My LO turner 1 22nd Dec so fairly similar in age. Our routine WAS very similar to yours, LO would wake between 6.30/7, have a 8oz bottle and breakkie 8ish. Sleep at 10.30-11.30, lunch at 12.30 and 5oz bottle at 2.30. Would then have another hour at 3.30ish and then tea at 5pm and bed for 7/7.30pm.

He has always been an amazing sleeper but started waking up alot in the night, particularly around 4am for 1 hour!!! Was also getting up at 6am for the day.

So...we decided to drop the 2 naps and merge to 1. We moved lunch to 12 and straight after sleep, he tends to do 2-2and a half hours in 1 nap now. He is ready for bed at 7pm and has been sleeping until 7.30am sometimes 8 soundly.

We havent quite dropped the 2.30 bottle but we are reducing it. It is down to 4 ozs now but like your LO, i think it is more comfort as he never cries for it. We are also feeding him more through out the day so he wont miss the bottle. So our routine now is:

7am - 8 oz bottle (cows milk)

8am - breakfast - toast/cereal/porridge etc

10am - snack - banana/cheese and cracker

12pm - lunch - hot meal plus a yoguart

12.15/30 - sleep - generally 2 hours if not more

2.30/3 - 4 oz bottle (cows milk)

snacks inbetween if seem hungry

5pm - dinner - soup/fishcakes/sandwich plus fruit after

6.30 bath and 7pm 8oz bottle (cows milk) and bed!

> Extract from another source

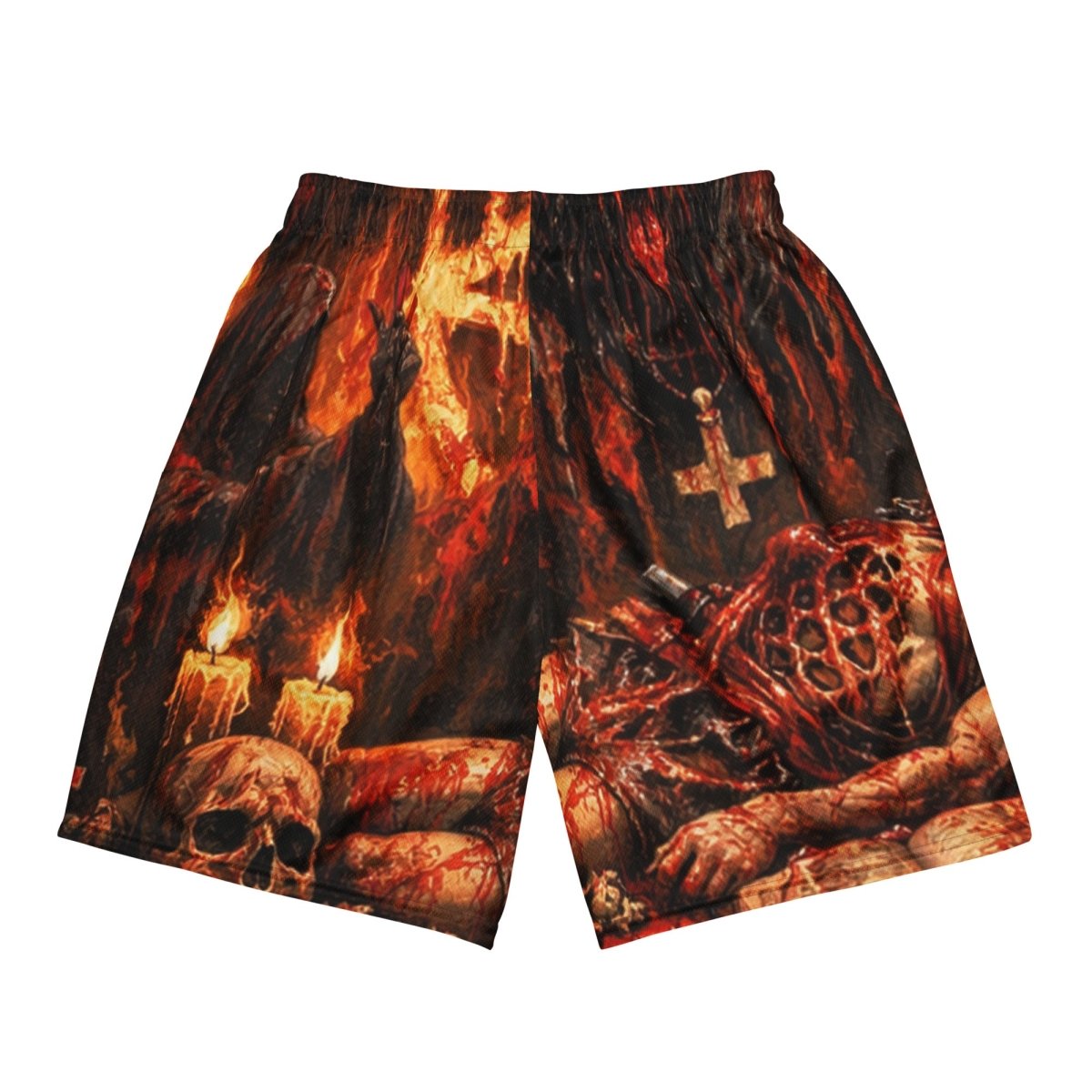 HAIL SATAN - Pantaloncini traforati stampa all over - ELGwear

It seem to be working well for us at the moment and he is def happier!

Sorry this turned into a bit of an essay!!

xxxx


----------



## hannpin

Hey ladies,

its hard isn't it to know what to do for the best. our lo was 1 on 7th Dec, and has only had one nap a day for the past 4 months or so, but like mrst2b's lo it is a long nap. her routine is...

between 6.30am & 7.30am wake 9oz bottle

8am breakfast

10.30am snack

12noon lunch

12.25/30pm - 2.30/3ish sleep

3pm snack

5pm tea

6.30pm 9oz bottle

7pm bed!!!

hope this helps


----------



## Szaffi

DD has a similar bedtime to yours and also wakes between 5.30 - 7 am. In my experience the amount of daytime sleep has no correlation to how long she sleeps in the morning. 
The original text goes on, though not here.